E quando eu tento conversar com alguém, alguém a quem considero um colega, percebo que ele está muito imerso em seu próprio mundo pra que eu possa contar do meu. Posso culpá-lo? Claro que não, eu que seja capaz de lidar com todas as nuances da minha vida.
Às vezes eu me reviro na cama, tentando olhar as estrelas, e esqueço que do lado de fora da minha janela tem uma árvore cujas folhas impedem a visualização do céu.
E o meu gato que fica ronronando quando eu passo a mão no pescoço dele, é o primeiro a fugir quando abro a porta da cozinha
Talvez, nesse mundo mutável, eu tenha permanecido o mesmo por tempo demais, e esqueci como mudar.
Talvez eu não precise mudar, porque já me aceitei como sou
Talvez, só talvez eu definitivamente esteja quebrado, como os brinquedos esquecidos no fundo das grandes lojas, eternamente esperando pra que alguém me leve até o caixa.
Mas quem pagaria por um brinquedo quebrado, quando pode ter um inteiro?

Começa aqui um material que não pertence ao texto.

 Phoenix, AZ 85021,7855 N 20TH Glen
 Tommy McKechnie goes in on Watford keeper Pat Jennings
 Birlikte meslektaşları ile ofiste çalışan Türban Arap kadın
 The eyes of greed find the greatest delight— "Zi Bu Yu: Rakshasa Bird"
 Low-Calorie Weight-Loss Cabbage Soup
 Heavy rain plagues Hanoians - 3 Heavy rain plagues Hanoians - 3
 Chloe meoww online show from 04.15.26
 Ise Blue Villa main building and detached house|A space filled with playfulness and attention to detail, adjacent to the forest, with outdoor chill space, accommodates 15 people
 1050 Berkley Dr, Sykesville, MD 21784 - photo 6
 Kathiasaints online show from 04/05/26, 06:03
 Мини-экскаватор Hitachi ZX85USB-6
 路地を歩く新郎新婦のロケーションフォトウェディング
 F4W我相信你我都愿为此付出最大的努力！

Talvez estejamos todos quebrados, esperando alguém que nos conserte; perdidos numa sociedade que diz que devemos ser jogados fora e substituídos por um novo.

Talvez... só talvez.... um universo de "talvez" que sufoca e arranca cada palavra não-dita, cada palavra que se tenta escrever


E aí, o plástico da embalagem não deixa mais passar ar, a luz nem se acende mais.

E quando muda o mês, somos levados pro fundo de um depósito e esquecidos.